- Native name: 梅津 美琴
- Born: September 1, 2007 (age 18)
- Hometown: Bunkyō, Tokyo, Japan

Career
- Achieved professional status: July 1, 2022 (aged 14)
- Badge Number: W-80
- Rank: Women's 1-dan
- Teacher: Makoto Tobe (7-dan)

Websites
- JSA profile page

= Mikoto Umezu =

Japanese shogi player (born 2007)

Mikoto Umezu (梅津 美琴, Umezu Mikoto) is a Japanese women's professional shogi player ranked 1-dan.

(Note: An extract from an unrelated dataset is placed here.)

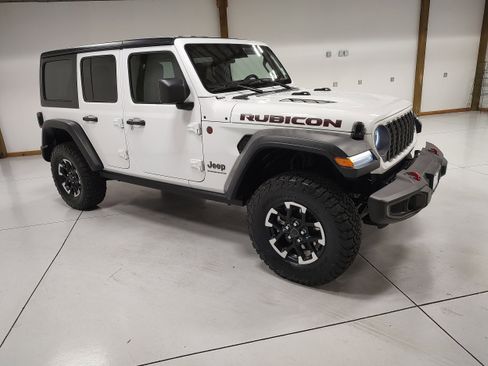 Used 2025 Jeep Wrangler Unlimited Rubicon AWD/4WD image 2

==Early life and becoming a women's professional shogi player==
Umezu was born in Bunkyō, Tokyo on September 1, 2007. She became interested in shogi from watching the anime TV series version of the manga March Comes In like a Lion. Under the guidance of shogi professional Makoto Tobe, she entered the Kantō branch of Japan Shogi Association's training group system in September 2021 as a member of training group B2, was subsequently promoted to training group B1 in December 2021, and qualified for women's professional status in April 2022 for entering the training group system at training group B2 or above and playing 48 games or more at that level.

==Women's shogi professional==
===Promotion history===
Umezu's promotion history is as follows.

- 2-kyū: July 1, 2022
- 1-kyū: April 1, 2024
- 1-dan: April 1, 2025

Note: All ranks are women's professional ranks.